What are the three pillars?

Observability rests on three kinds of data. Logs are timestamped records of what happened. Metrics are numbers over time, like request rate or CPU. Traces follow a single request across services. Together they let you understand a running system from the outside.

Why it matters

You cannot fix what you cannot see, and in production you only see what your systems emit. Each pillar answers a different question — logs the "what," metrics the "how much," traces the "where." Knowing which to reach for turns a vague outage into a targeted fix.

What to learn

Logs: structured, leveled, and searchable
Metrics: counters, gauges, histograms
Traces and spans across services
When to use each pillar
Cardinality and why high-cardinality labels hurt
Correlation: tying logs, metrics, and traces together
OpenTelemetry as a vendor-neutral standard

Common pitfall

Logging everything at full verbosity in production. The noise buries the signal, the storage bill explodes, and high-cardinality fields can overwhelm the system.

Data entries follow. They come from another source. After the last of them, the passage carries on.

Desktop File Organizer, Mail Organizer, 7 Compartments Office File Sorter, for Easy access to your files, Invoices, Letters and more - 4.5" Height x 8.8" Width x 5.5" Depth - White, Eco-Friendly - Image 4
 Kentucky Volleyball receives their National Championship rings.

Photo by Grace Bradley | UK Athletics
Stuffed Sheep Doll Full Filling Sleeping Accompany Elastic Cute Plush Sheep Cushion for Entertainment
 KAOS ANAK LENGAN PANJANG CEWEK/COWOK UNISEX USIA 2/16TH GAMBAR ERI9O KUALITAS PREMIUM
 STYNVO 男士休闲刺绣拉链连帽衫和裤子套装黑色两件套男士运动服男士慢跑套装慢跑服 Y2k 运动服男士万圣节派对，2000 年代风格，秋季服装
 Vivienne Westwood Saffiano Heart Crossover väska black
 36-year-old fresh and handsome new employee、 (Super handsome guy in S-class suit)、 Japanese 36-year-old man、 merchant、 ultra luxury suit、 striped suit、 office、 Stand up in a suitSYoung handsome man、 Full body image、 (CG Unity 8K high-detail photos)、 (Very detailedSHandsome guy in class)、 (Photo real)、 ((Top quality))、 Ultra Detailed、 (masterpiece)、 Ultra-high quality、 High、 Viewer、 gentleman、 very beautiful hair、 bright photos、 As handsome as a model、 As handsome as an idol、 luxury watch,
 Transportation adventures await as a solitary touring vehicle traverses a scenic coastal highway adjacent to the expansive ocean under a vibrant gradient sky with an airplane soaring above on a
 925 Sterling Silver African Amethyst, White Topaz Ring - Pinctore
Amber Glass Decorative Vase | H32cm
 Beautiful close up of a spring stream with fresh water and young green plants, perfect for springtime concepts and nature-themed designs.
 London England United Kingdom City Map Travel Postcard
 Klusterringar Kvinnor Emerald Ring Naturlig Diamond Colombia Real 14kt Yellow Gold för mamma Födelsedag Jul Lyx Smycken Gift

Log at sensible levels, use metrics for high-volume counts rather than a log line per event, and reserve verbose logging for when you are actively debugging.

Resources

Primary (free):

OpenTelemetry — Documentation · docs
Google SRE — Monitoring distributed systems · docs
Grafana — Observability fundamentals · docs

Practice

Instrument a small service to emit all three: structured logs, a request-count metric, and a trace across one downstream call. For a sample failure, decide which pillar you would consult first and why. Done when you can answer "what," "how much," and "where" from your own telemetry.

Outcomes

Explain what logs, metrics, and traces each answer.
Choose the right pillar for a given question.
Avoid high-cardinality and over-verbose logging.
Correlate the three pillars to debug an incident.